予測市場の事例を提示する書籍の紹介連載、いよいよ最終回。イーライリリーとイノセンティブなど、オープン・イノベーションで名をはせた事例を挙げ、予測市場のリスクヘッジ効果に迫る。同社やGEなどは、DHBR本誌2013年9月号「集合知を活かす技術」特集でも取り上げているように、この分野で非常に有名な例である。
イーライリリーとイノセンティブ
市場を社外に拡大するという考えは、決して新しいものではない。実際、21世紀初頭に製薬会社のイーライリリーがそれを行なっている。イーライリリーは、社内の予測市場を数年間にわたって運営したあと、マサチューセッツ州アンドーヴァーに新興企業イノセンティブ(InnoCentive)を設立した。イーライリリーの元上級科学研究員のアルフェアス・ビンガムが経営するイノセンティブ社は、社外の問題解決者との協力を築くために設立された。

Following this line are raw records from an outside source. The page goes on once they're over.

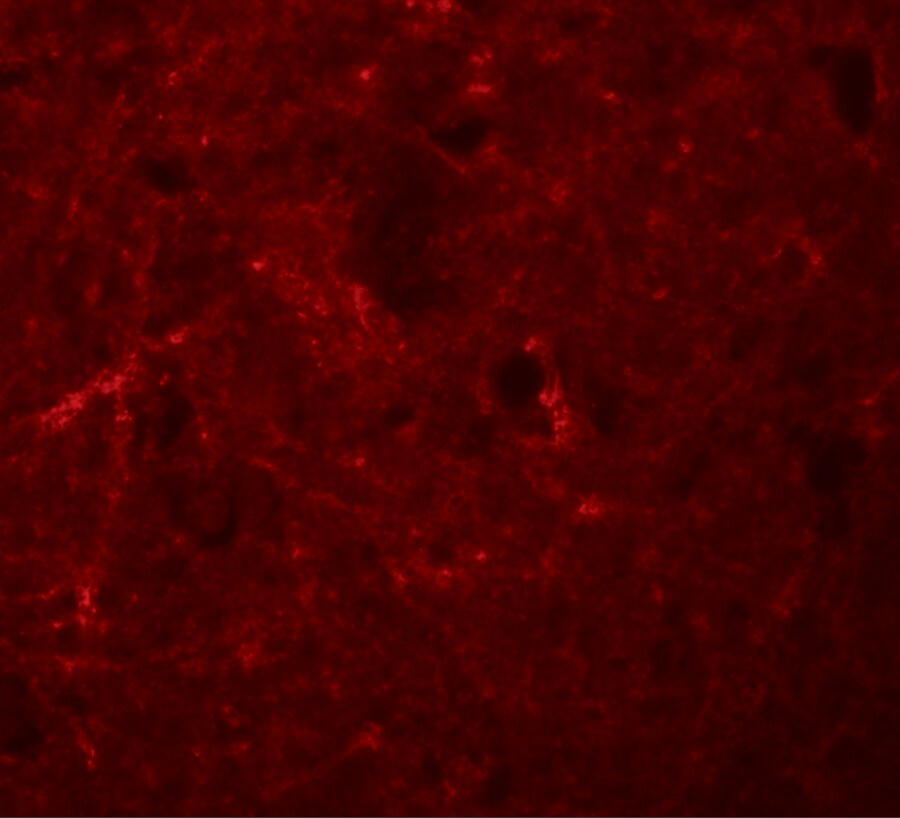 NLRP7 Antibody - BSA Free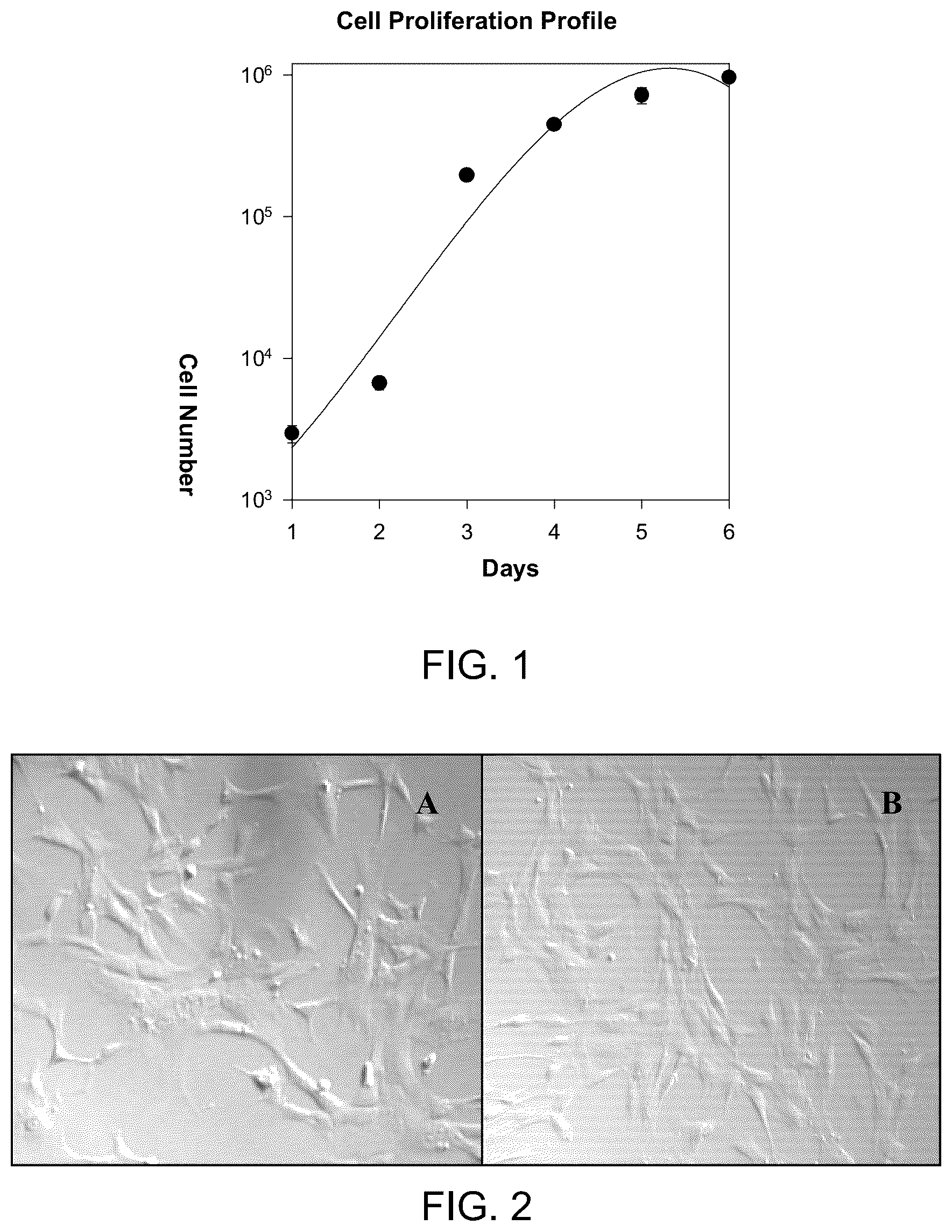 Patent US12129481 — Use of cells derived from first trimester umbilical cord tissue — Figure 1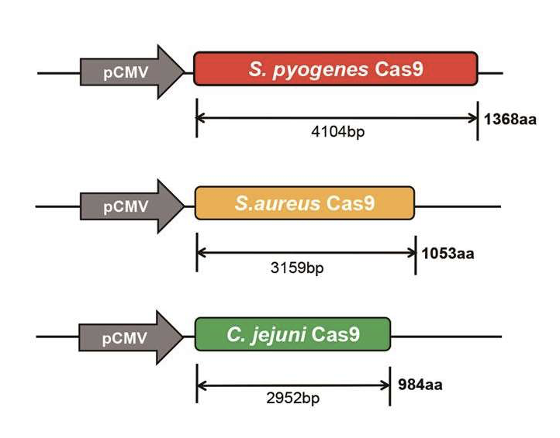 S. aureus encodes one of the smallest Cas9 proteins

イーライリリー社内の予測市場は、50人ものプロダクト・マネジャー、化学者、生物学者からなり、さまざまな結果の予測に用いられていた。たとえば、数百万ドルのコストがかかる食品医薬品局の審査プロセスで、新薬の申請が却下されるか? 投資家は、6種類の薬剤の分子構成、試験計画書、毒性試験報告書の結果を伝えられ、当局の承認が下りる可能性のもっとも高い3つの薬剤を予測する市場で、株式の取引を行なった。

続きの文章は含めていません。